I was stunned. I had no idea. I mean, I knew she and I talked about God and faith from time to time. But that I was instrumental in her discerning God’s call, a call which took her to a highly unstable part of Africa in order to start a ministry in the middle of who knows where with no financial backing and no blessing from the government.

That’s when I began to see a different perspective on my purpose for being here, and probably all the churches I’ve served. God used Facebook Messenger—in fact, a single sentence in Facebook Messenger—to help me see that my purpose in being wherever he has me is way bigger than what I think it is. Until Thursday, I never would have dreamed that one of my purposes in being the pastor of the Church of the Straits between 1996-2001 was to unwittingly help a young woman discern God’s call to share the love of Jesus Christ with orphans in Uganda by founding a ministry where there wasn’t one. Now, I’m not suggesting that I was the only one God used to help her discern her call. I’m sure I was just one of many. But to be called “instrumental” in that process, that’s truly humbling.

But it’s also encouraging. I say that because, like many others who are in the work of serving people on a large scale, it’s not always clear how much of an impact one makes in the lives of the people they serve. I can only speak for myself, but I truly appreciate the occasional notes I receive, thanking me for something I’ve done. And yet there’s always that whisper I hear, “What difference have you really made?” And so my brief chat with Kate was very encouraging to me, because it gives me hope that God may have used me at some point over these past six years to help clarify God’s call upon someone’s life, just like he did with Kate.

Returning to Romans 8:26-27, Paul writes, “In the same way, the Spirit comes to help our weakness.  We don’t know what we should pray, but the Spirit himself pleads our case with unexpressed groans. The one who searches hearts knows how the Spirit thinks, because he pleads for the saints, consistent with God’s will.” And then we get to the more well-known verse, v. 28. “We know that God works all things together for good for the ones who love God, for those who are called according to his purpose.”

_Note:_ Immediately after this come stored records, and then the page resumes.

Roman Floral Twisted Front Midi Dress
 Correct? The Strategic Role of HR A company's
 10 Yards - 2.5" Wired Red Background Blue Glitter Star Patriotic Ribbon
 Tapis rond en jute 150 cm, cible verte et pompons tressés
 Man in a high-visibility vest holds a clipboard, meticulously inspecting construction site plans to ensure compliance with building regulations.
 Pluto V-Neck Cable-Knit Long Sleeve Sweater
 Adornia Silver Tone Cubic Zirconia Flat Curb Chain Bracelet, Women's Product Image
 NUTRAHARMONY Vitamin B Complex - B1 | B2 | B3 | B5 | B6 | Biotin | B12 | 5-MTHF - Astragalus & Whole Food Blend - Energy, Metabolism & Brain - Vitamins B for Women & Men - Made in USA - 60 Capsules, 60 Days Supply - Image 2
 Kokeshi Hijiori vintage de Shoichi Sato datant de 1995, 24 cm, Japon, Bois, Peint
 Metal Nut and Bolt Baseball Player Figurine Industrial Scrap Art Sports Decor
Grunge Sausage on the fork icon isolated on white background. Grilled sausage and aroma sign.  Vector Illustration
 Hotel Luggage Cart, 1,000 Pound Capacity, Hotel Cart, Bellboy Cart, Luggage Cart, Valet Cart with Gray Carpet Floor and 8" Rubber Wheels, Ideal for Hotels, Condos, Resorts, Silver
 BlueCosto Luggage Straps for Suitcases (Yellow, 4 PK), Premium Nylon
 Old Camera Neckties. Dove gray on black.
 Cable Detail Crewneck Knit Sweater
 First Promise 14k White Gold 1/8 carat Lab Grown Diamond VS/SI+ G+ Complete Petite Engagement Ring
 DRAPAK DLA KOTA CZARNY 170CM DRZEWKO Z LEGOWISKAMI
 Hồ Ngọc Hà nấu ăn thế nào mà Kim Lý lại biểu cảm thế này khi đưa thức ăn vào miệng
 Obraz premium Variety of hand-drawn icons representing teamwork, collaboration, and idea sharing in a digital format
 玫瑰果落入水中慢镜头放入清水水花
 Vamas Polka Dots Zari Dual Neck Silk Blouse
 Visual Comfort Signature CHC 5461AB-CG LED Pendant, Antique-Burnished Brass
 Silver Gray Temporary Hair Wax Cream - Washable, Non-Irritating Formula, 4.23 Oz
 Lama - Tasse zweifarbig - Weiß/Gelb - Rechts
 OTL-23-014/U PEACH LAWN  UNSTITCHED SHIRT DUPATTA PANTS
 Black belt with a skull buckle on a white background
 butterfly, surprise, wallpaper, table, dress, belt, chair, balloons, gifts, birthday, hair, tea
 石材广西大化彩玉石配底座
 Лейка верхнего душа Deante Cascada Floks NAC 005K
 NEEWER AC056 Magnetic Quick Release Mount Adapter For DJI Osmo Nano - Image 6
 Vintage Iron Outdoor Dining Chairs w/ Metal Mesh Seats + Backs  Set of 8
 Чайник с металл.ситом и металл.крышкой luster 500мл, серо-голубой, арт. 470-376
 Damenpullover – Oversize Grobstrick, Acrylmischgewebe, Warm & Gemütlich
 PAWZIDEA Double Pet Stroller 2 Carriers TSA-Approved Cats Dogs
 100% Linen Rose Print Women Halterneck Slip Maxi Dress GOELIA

Here’s what I take away from these three verses together. God absolutely knows what he’s doing, and throughout the entire course of living into the work he’s given each of us, he plans good things to come of it. I believe God will bring good out of this pandemic. I believe he planned good things for our ministry together these six years, and accomplished them through us. And I believe he’s planning good things for your ministry with Eric Stone, and will accomplish them through you and him together. The fact is, lives have been changed and transformed on account of the ministry that’s taken place here these past six years. And that will continue to be the case for years and years to come.

Because ultimately, my purpose in coming here hasn’t really been about accomplishing what I thought it would be, or even what wanted it to be. No, I realize that my purpose in coming here has been to accomplish what God wanted to do through me. And now God has tapped someone else to lead this church, and together you and he will continue to accomplish the things God wants to do.

Friends, I’m extremely grateful for the privilege of serving the people of Adrian and this congregation. And I truly do look forward to hearing about the lives that are being touched and transformed in the years to come. God will have his way, and will accomplish the good wants to do through whomever is leading you. Thanks be to God.